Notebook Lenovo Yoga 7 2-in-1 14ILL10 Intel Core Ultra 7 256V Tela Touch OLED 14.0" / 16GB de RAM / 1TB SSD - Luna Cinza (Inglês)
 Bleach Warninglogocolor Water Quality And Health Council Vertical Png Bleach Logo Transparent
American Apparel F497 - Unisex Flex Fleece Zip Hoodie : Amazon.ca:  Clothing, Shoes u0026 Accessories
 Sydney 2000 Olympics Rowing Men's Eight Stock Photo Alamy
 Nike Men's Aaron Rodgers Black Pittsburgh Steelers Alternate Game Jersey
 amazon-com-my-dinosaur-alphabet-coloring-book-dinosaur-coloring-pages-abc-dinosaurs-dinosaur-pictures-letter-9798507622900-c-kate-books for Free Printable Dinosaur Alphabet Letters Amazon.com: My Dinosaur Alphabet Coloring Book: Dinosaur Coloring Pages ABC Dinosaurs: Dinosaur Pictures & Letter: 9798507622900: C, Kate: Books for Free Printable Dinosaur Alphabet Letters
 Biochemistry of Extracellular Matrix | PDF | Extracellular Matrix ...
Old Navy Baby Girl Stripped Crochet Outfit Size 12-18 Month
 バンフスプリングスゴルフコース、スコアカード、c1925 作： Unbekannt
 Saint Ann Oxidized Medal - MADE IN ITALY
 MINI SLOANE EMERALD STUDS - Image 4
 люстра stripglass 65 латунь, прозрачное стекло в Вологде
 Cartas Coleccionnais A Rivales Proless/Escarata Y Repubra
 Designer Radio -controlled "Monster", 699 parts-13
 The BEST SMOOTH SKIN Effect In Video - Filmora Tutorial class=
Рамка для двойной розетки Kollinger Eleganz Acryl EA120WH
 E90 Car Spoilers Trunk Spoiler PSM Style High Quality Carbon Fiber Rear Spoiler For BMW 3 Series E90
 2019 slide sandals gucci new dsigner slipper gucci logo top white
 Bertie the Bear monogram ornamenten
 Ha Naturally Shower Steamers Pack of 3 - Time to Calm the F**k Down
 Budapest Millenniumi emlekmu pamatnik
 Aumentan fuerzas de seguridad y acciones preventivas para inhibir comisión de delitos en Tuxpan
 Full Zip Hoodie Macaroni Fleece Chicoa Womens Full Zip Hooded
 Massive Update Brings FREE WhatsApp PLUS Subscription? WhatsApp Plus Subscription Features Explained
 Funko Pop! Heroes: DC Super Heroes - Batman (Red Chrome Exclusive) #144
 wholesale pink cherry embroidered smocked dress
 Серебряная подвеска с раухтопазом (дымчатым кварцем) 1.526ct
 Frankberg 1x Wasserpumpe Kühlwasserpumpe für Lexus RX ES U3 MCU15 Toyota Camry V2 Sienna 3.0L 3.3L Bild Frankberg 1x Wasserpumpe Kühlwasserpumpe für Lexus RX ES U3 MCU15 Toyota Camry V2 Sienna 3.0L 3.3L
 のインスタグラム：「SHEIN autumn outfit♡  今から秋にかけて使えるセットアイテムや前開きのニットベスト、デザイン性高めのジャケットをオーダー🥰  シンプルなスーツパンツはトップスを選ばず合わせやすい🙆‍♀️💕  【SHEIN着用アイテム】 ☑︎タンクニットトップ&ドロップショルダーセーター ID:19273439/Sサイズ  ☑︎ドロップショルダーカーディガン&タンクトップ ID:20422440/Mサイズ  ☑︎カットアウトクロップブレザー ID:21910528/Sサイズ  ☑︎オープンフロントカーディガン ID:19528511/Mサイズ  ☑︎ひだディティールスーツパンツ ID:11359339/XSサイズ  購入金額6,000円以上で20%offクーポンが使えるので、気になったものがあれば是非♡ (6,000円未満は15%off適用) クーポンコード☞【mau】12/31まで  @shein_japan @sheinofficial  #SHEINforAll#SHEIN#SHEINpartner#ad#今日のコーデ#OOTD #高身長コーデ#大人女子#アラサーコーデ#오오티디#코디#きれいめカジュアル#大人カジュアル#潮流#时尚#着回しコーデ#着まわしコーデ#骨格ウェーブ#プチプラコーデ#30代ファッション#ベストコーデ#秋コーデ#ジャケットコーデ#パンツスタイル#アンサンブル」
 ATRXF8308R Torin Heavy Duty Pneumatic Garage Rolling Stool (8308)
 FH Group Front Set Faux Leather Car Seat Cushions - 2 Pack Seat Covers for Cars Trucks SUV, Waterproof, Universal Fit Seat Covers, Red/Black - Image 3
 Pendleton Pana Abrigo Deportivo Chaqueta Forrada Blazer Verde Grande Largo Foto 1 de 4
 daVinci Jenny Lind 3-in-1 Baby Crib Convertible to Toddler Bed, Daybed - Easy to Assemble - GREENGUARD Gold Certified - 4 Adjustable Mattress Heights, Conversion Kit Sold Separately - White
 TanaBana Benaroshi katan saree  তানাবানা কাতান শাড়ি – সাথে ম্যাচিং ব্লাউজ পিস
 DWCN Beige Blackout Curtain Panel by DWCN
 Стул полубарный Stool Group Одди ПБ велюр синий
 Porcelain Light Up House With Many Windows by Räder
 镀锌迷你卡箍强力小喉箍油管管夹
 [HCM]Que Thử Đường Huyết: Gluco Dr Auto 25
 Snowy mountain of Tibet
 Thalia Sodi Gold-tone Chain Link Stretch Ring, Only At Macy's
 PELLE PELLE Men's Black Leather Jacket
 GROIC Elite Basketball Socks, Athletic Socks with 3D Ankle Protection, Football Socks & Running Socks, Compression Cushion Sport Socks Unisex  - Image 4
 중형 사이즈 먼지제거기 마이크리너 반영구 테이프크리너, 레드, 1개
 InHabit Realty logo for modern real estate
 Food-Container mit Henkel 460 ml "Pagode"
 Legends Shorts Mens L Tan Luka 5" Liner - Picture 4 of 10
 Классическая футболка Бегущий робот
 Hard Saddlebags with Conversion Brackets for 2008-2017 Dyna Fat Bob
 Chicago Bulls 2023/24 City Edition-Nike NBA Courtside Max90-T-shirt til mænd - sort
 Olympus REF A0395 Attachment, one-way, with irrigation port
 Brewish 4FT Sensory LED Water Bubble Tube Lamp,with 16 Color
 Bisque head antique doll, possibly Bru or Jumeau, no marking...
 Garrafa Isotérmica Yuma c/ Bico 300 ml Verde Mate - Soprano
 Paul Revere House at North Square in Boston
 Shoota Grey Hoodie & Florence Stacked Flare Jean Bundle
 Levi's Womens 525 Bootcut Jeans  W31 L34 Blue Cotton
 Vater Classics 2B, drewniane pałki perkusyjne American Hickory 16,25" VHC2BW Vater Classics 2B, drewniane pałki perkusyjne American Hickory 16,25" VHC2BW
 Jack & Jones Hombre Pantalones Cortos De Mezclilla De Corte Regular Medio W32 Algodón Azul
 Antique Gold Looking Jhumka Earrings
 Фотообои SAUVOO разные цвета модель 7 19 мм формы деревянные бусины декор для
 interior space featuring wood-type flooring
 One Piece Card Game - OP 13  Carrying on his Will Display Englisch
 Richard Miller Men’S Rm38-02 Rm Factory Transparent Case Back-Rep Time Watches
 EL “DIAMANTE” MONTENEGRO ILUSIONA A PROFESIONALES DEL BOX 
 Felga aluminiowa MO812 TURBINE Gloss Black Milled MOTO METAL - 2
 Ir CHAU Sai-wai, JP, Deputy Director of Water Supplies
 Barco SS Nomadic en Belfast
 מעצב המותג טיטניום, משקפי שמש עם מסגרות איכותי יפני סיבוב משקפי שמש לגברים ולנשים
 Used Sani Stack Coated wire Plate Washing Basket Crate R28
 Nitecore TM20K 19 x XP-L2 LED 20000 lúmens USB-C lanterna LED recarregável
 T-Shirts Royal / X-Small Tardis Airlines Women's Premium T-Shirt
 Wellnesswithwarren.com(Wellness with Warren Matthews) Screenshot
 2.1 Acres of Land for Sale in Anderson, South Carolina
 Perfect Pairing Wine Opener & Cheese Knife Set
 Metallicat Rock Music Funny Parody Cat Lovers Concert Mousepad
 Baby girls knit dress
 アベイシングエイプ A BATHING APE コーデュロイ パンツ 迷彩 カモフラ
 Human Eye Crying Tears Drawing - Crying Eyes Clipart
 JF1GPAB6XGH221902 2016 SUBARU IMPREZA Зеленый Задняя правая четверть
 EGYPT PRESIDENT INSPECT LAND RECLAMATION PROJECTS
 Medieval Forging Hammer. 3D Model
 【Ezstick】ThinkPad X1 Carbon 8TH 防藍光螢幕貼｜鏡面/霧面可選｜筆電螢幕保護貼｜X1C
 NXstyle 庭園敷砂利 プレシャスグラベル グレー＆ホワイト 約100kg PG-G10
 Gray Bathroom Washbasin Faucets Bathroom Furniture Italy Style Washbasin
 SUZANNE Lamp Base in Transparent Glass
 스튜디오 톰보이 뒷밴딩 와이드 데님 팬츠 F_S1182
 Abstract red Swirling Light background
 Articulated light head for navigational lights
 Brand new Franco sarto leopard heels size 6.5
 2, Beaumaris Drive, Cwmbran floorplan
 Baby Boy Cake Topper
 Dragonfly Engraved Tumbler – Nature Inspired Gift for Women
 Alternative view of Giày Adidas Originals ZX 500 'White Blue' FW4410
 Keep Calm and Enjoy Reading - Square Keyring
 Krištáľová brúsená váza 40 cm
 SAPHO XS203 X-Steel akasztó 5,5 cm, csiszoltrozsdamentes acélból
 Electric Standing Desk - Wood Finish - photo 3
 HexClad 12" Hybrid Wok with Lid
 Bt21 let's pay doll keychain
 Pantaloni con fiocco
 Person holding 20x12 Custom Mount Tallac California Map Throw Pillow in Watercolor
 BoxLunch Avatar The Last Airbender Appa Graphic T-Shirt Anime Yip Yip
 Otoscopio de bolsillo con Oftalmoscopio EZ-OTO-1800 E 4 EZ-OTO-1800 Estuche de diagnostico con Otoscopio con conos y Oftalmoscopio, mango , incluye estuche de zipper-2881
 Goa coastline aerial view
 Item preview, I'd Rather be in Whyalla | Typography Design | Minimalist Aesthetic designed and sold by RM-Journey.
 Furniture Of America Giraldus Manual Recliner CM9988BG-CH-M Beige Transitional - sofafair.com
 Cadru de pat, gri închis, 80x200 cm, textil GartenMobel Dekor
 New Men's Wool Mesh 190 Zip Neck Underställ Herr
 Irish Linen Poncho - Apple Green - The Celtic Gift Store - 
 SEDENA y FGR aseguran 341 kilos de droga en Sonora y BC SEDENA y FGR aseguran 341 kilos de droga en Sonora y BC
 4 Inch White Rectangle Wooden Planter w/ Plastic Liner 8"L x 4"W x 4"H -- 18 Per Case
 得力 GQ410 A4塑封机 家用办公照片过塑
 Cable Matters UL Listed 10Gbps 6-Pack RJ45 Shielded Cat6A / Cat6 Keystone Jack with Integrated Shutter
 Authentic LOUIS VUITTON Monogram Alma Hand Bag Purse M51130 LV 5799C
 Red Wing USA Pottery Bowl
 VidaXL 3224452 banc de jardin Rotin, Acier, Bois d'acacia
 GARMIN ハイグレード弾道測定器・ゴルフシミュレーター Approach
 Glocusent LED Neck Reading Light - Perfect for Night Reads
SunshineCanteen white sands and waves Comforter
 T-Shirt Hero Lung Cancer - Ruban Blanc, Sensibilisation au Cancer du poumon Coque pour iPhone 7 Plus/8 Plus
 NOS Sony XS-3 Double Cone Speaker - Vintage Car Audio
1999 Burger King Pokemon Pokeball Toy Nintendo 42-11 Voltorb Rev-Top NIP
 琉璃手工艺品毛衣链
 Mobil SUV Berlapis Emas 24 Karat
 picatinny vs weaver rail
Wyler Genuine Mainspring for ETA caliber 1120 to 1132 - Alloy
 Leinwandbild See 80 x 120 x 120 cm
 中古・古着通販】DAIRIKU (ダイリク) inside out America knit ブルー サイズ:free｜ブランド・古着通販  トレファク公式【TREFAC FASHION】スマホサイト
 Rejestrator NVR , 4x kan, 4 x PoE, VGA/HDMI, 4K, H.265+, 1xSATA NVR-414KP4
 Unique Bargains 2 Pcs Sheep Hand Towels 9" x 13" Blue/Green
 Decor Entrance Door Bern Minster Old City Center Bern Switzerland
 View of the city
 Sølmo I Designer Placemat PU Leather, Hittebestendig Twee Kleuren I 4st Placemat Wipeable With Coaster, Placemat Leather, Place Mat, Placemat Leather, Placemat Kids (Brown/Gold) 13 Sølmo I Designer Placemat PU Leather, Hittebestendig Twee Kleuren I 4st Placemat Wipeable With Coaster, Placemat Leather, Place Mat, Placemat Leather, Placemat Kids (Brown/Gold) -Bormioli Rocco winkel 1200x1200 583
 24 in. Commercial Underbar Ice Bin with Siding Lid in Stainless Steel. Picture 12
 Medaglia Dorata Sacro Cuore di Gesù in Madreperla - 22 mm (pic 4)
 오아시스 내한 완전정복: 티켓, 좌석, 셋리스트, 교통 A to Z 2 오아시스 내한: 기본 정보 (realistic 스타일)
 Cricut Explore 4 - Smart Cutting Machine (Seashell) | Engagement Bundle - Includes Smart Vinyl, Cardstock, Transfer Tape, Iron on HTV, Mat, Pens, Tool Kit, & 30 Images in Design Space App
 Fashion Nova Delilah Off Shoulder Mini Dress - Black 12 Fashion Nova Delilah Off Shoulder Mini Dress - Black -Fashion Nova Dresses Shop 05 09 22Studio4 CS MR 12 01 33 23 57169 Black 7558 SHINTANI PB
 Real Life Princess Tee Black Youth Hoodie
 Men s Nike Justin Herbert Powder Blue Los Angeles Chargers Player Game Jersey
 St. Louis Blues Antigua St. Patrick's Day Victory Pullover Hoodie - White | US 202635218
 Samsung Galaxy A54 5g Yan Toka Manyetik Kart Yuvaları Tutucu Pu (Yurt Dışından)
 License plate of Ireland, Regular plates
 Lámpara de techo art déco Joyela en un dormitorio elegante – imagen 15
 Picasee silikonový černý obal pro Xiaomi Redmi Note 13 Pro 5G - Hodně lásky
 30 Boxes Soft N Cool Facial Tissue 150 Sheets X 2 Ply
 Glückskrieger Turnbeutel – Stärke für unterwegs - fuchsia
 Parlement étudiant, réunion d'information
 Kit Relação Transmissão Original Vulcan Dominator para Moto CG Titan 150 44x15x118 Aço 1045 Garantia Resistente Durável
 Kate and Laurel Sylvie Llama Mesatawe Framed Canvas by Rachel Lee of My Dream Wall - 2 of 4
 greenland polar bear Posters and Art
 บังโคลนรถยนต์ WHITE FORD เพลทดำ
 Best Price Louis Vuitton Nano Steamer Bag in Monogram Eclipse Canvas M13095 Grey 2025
----
▶ _Activity_
Would you retype exactly the lines above, from the line with "Porcelain Light Up" to the line with "Garrafa Isotérmica Yuma", with both end lines kept and nothing more?

▶ _Written response_
 Porcelain Light Up House With Many Windows by Räder
 镀锌迷你卡箍强力小喉箍油管管夹
 [HCM]Que Thử Đường Huyết: Gluco Dr Auto 25
 Snowy mountain of Tibet
 Thalia Sodi Gold-tone Chain Link Stretch Ring, Only At Macy's
 PELLE PELLE Men's Black Leather Jacket
 GROIC Elite Basketball Socks, Athletic Socks with 3D Ankle Protection, Football Socks & Running Socks, Compression Cushion Sport Socks Unisex  - Image 4
 중형 사이즈 먼지제거기 마이크리너 반영구 테이프크리너, 레드, 1개
 InHabit Realty logo for modern real estate
 Food-Container mit Henkel 460 ml "Pagode"
 Legends Shorts Mens L Tan Luka 5" Liner - Picture 4 of 10
 Классическая футболка Бегущий робот
 Hard Saddlebags with Conversion Brackets for 2008-2017 Dyna Fat Bob
 Chicago Bulls 2023/24 City Edition-Nike NBA Courtside Max90-T-shirt til mænd - sort
 Olympus REF A0395 Attachment, one-way, with irrigation port
 Brewish 4FT Sensory LED Water Bubble Tube Lamp,with 16 Color
 Bisque head antique doll, possibly Bru or Jumeau, no marking...
 Garrafa Isotérmica Yuma c/ Bico 300 ml Verde Mate - Soprano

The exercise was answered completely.